Gavin Mortimer has crafted an interesting, though ironically unexciting, tale of Pryce Lewis, the British national who worked for the United States and Allan Pinkerton as a detective and spy during the American Civil War. The narrative is written clearly moves at a fair pace. Mortimer describes for readers information on the origins of the Pinkerton agency as well quick, concise background sections on various aspects of the Civil War era (eg, the importance of John Brown, abolitionists’ positions, the nature of Union generalship, etc.)
As with many histories of obscure figures, some of Mortimer’s most fascinating sections deal with how the story of Lewis survived, surfaced, went underground, and resurfaced. I’m always intrigued by how certain stories make it through to the present day. As Mortimer says in his acknowledgments, “it’s taken 122 years to get your story into print.” Partially this is because there was little interest in Lewis’ memoirs during his lifetime and the fact that elements of the spy’s life story resided in the hands of an unsuccessful editor, his daughter, a history graduate student at Columbia, an unknown apartment cleaner, and the History Society of St. Lawrence County, New York. Historical narratives are often the result of such accidents, though I’ve rarely encountered one quite so odd in its path to publisher’s house.
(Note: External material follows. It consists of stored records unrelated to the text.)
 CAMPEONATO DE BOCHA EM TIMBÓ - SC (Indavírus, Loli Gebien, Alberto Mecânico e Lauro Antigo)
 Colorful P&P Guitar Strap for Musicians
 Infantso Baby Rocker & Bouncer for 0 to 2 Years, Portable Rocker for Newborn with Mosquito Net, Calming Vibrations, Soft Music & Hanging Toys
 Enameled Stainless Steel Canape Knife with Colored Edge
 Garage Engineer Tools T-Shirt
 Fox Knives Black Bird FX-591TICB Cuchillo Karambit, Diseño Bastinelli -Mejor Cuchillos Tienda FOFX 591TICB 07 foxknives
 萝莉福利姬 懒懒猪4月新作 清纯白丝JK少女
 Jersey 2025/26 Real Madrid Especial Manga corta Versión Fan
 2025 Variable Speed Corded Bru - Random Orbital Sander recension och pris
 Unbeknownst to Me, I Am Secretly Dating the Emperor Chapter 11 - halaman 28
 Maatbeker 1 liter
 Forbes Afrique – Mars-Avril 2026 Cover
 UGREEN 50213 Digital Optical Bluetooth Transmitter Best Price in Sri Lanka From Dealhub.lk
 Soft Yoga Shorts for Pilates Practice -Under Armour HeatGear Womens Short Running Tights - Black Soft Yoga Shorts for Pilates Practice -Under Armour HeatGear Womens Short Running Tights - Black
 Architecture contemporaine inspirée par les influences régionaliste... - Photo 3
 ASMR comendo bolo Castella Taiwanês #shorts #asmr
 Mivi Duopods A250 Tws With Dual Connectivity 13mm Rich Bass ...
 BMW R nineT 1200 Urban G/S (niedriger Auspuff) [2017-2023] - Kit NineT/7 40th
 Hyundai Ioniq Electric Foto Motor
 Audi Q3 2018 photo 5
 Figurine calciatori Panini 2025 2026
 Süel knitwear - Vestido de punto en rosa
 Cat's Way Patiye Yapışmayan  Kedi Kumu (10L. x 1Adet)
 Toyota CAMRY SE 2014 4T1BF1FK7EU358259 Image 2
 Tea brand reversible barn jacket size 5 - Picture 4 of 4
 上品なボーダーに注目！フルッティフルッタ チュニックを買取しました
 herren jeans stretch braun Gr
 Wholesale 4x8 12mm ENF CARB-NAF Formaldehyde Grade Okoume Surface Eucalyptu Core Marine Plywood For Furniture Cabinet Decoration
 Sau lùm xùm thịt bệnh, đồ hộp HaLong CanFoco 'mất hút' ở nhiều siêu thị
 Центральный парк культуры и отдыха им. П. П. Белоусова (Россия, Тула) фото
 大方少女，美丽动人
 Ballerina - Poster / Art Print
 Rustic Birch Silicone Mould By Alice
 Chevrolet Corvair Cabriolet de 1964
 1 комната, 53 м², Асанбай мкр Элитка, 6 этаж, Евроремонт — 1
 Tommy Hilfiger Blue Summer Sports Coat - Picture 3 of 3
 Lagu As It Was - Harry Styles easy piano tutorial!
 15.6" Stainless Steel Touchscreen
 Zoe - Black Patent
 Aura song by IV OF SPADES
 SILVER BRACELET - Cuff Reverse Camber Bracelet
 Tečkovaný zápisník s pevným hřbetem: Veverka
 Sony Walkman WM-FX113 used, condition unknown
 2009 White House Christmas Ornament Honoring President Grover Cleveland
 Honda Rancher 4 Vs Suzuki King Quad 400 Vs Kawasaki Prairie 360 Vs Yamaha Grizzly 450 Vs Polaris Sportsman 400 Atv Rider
When Pryce Lewis leapt to his death from New York’s World Building in 1911 (mistaken for snow sliding to the ground), he was described in the papers as a ‘famous war spy.’ Mortimer insists that his subject, Lewis, was the most ‘daring’ of these largely civilian spies that dominated the intelligence gathering through the first couple years of the war. I don’t know that I’m convinced as to Lewis’ daring. It seems that if the majority of your time during the war is spent having been caught and therefore in a cell, there isn’t much time left to be daring? Granted, some of Lewis’ decisions and ‘tall tales’ as he was seeking information in western Virginia in 1861 were on the bold side, but these actions also seem like necessities given his career choice at the time.
There are several strong points to Mortimer’s work besides the writing itself, though there are some issues in which I wish he had either delved in more deeply or taken more care. Mortimer is effective at presenting Lewis and the other spies and their actions in the greater context of both the war and the international political drama of the time period. This fact is particularly true given Lewis’ nationality as an Englishman (technically Welsh) and in details about various officers and generals involved in giving and receiving information (the grandfather of George Patton and George McClellan for example). McClellan though is portrayed in a bit too standard a fashion of the hesitant commander – there was, arguably, a bit more nuance to him.
Finally, and this is often the case in popularly written non fiction books, there is the issue of the research and citations. While much of the text is pulled from the documents rescued by the historical society in St. Lawrence county, there are bits of other information pulled from both primary and secondary sources. While there are footnotes of a sort at the back of the text, a reader is left examining pages to see where the information might fit in, assuming that various quotes will be cited (they are by the way). More to the point, when analyzing issues of Great Britain’s relationship to the Confederate States, Mortimer is relying on books that are upwards of 90 years old and there have been more recent studies on this question.
I was given the book about three years ago as a gift by a college roommate and I’m glad I finally got around to reading it. As interesting in some ways that Pryce Lewis and his experiences are, I wish that Mortimer had found a slightly more ‘daring’ figure to explore.